Work required => Exactly the lines from the one containing "Запчасти для сельхозтехники" through the final line of the data below, with pictures omitted, make up the answer.

Data block =>
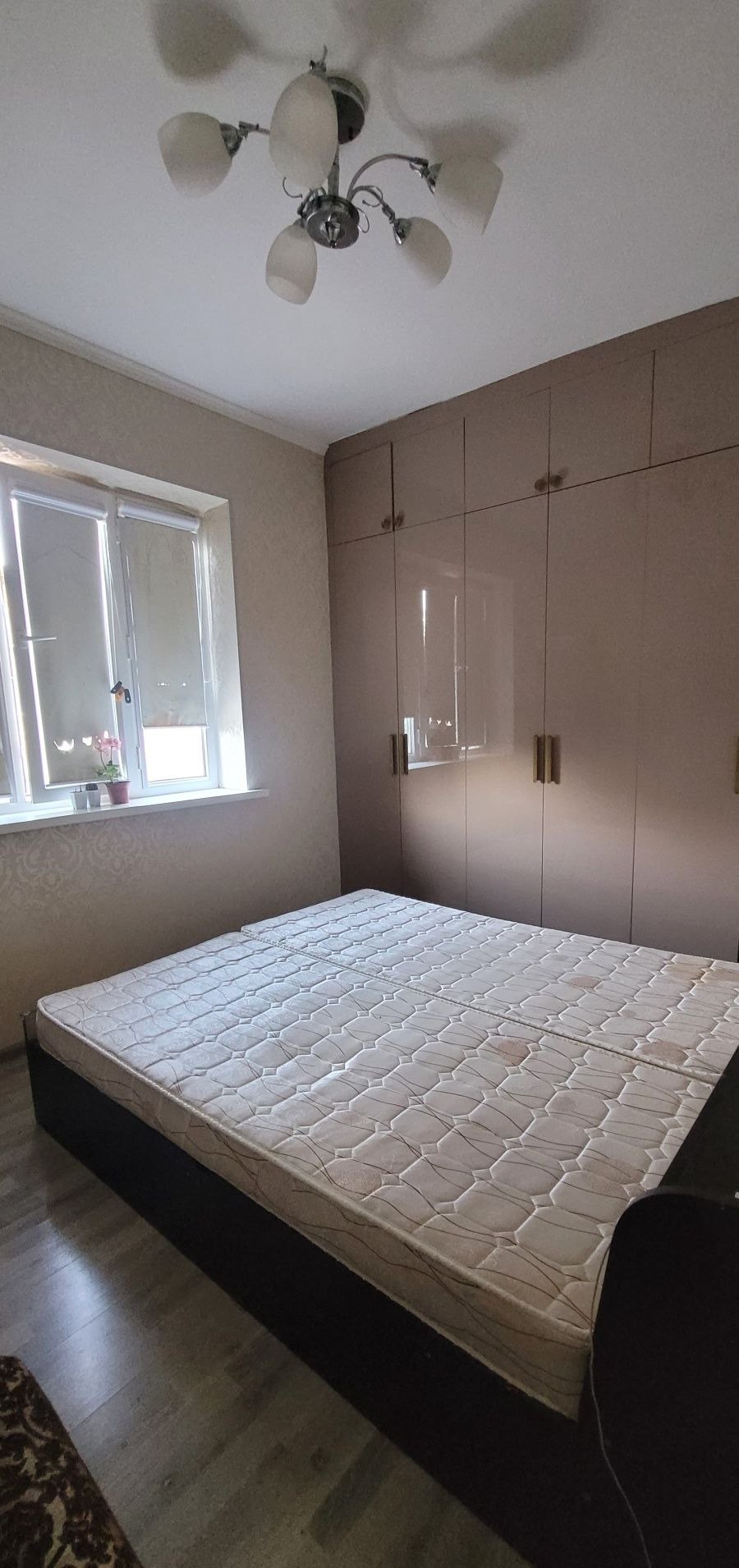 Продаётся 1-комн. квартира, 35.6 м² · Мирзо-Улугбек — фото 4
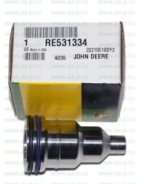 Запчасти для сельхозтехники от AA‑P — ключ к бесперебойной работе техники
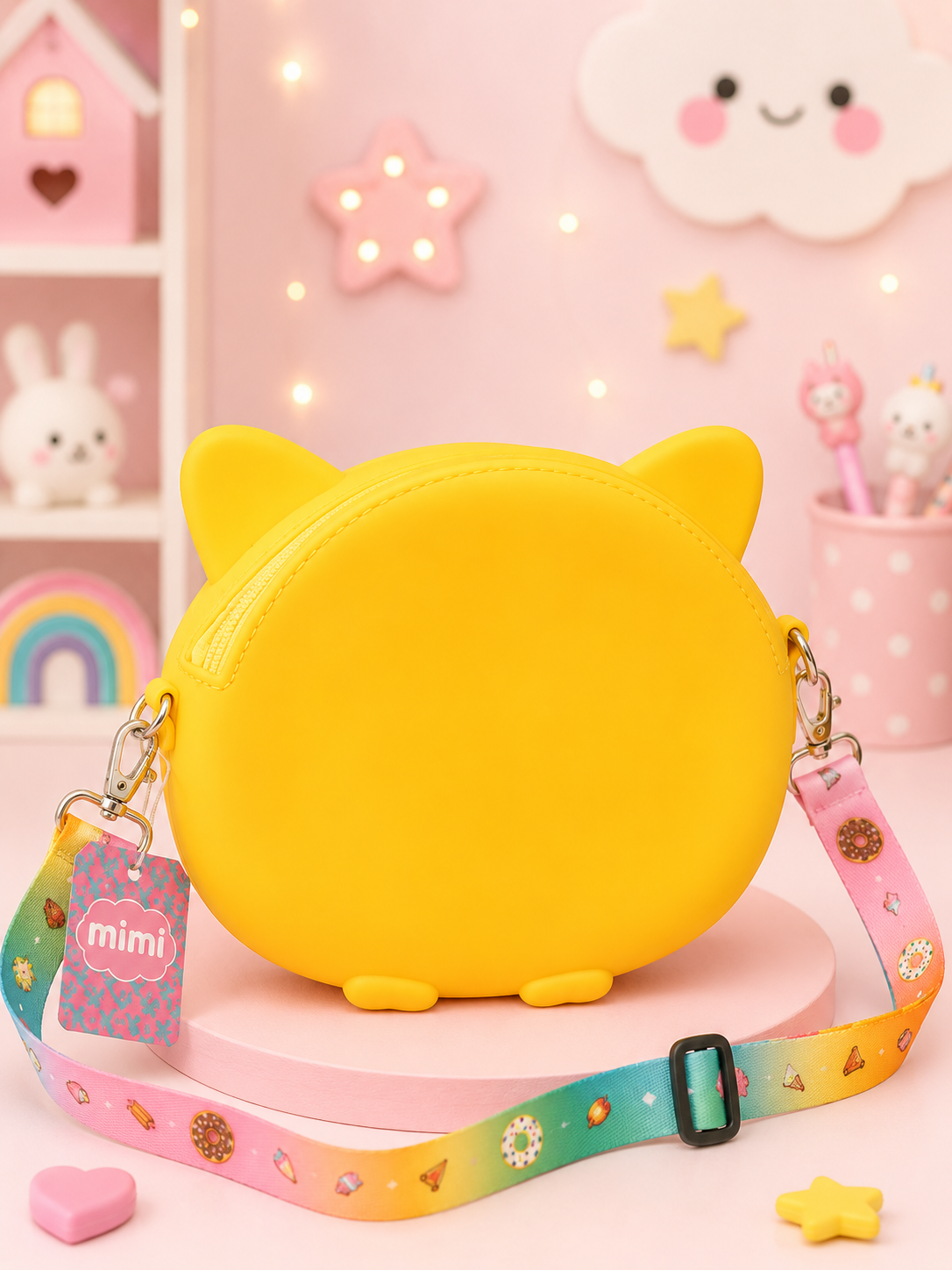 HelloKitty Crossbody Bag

Exercise answer =>
 Запчасти для сельхозтехники от AA‑P — ключ к бесперебойной работе техники
 HelloKitty Crossbody Bag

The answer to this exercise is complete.